◆ **COLLECTED MATERIAL**:
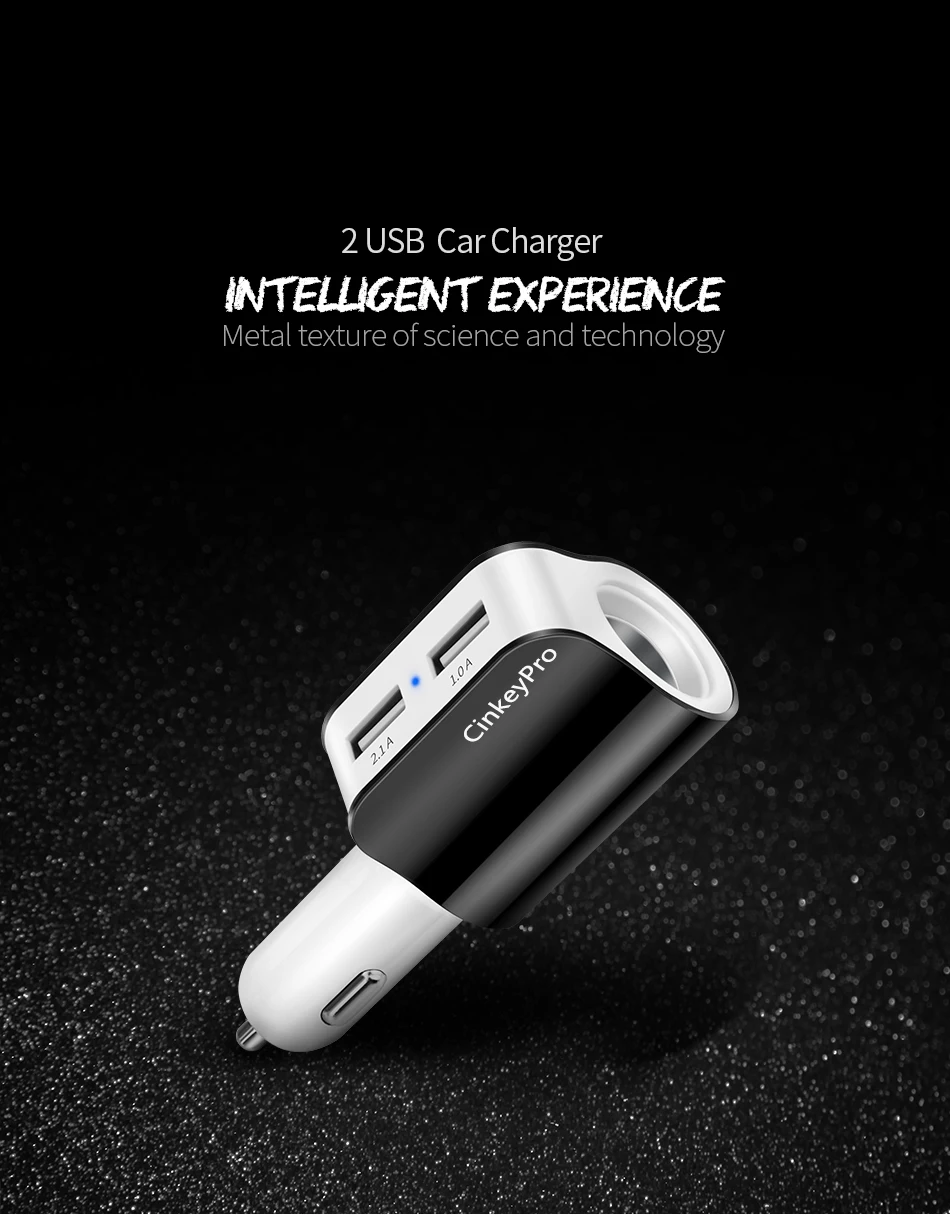 car charger 1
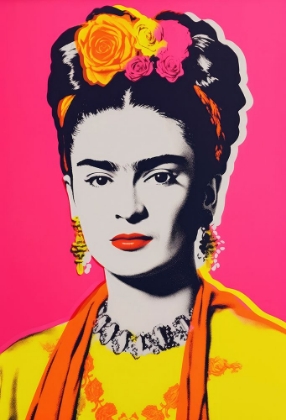 Picture of OH FRIDA NO 3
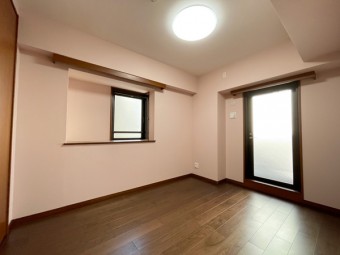 こだわりの水廻り設備と内装で心地よい住まいを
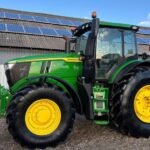 John Deere 6R250 – 2023 – 1.200 h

◆ **YOUR TASK**: Return the data word for word without its pictures.

◆ **RESPONSE TO THIS EXERCISE**:
 car charger 1
 Picture of OH FRIDA NO 3
 こだわりの水廻り設備と内装で心地よい住まいを
 John Deere 6R250 – 2023 – 1.200 h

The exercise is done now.